Pretty much everything else in the Art of Manliness list is a self-help book, usually about self-esteem and its surrounding issues.  And that makes me wonder:   Is the list an unintended parody?  A reading list for self-help books.......about.....manliness?  

I'm not trying to suggest that manliness is obvious and it's definitely not straightforward.  But perhaps the best that can be said about manliness is that it's paradoxical, vexed, strange, and always will be, no matter what a bookshelf of self-help books will say to the contrary.

Books, Manliness, Masculinities | Permalink


John - Interestingly enough, "The Art of Manliness" blog was started by a student of mine, Brett McKay when he was still in law school. He is quite the entrepreneur. It is funny to see this mixture of embrace of the past with tools of the present melded in this blog. He was a very good student.

I think his first blog was called "The Frugal Law Student" and was all about money saving strategies to graduate with no debt. And actually, much of the blog (as with the book) is (I believe) co-written with his wife Kate, who is herself very sharp. So knowing them as I do, I can assure you that the list is not intended as parody. I think what Brett and Kate are aiming at is to try to recapture what they see as lost values in the society, values which they feel are expressed through distinctive (sort of) gender roles.

Ironically, much of the material on the website really is gender neutral, that is, the advice applies equally well for men and women. But men or women wanting to adopt traditional modes of masculine self-presentation without its most toxic expression will find a lot of material here, most of it fairly innocuous, much of it charming and informative, even if presented through this rather anachronistic lens. I suspect )but am not certain) they are fairly conservative, not an unusual thing in this part of the country.

They are true children of the 21st century though, and so you won't see any hardcore antediluvian positions like suggestions that women should not work, should be submissive to their husbands, that the do not have agency etc. (although frankly I haven't looked in awhile). I think their work comes from a very pure place (even if I think misguided in some respects). And I agree with a good deal of it insofar as the picture they paint of masculinity is a better and truer description of real "manliness" (i.e. human decency) than the immature frat boy, backwoodsman, bodybuilder or Don Juan figures which often pass as "manly" in our culture. So to that extent I definitely applauded their effort.
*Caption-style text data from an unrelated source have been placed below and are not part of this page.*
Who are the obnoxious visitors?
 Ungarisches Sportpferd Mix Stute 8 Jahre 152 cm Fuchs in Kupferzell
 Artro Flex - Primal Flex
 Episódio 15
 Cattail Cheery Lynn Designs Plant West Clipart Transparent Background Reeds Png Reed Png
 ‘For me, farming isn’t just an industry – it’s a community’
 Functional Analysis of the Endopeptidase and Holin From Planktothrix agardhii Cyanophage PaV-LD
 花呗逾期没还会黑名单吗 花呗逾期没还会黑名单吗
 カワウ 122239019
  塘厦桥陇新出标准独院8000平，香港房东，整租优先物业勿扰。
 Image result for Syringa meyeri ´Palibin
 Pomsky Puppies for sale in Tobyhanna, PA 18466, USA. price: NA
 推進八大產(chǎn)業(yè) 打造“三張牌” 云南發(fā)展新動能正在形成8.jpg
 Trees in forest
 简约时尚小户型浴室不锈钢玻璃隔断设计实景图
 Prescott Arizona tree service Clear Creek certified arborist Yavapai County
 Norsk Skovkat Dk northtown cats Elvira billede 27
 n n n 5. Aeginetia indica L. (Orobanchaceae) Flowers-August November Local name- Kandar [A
But I do think they are mistaken in thinking that the true locus of the values they would like to promote lies in promoting and gender distinctions.

Posted by: Tamara Piety | May 26, 2014 9:47:36 AM

Thanks, Tamara. I think that I essentially agree with your appraisal of Art of Manliness; it is innocuous, and there is nothing that I have read on it that suggests an endorsement for misogyny in any form. But the reading list is....hoakie, a little cornball. Manliness isn't--or isn't primarily--a subject for self-improvement books that strive to shore up a man's self-esteem. Manliness is vexed, both with itself and the world; it is paradoxical, noble, and idiotic, usually all at once. It is both much more and a lot less than what the reading list at Art of Manliness suggests that it is. Perhaps Brett and Kate might be interested in an alternative reading list. If so, I would be glad suggest an idiosyncratic one of my own fashion.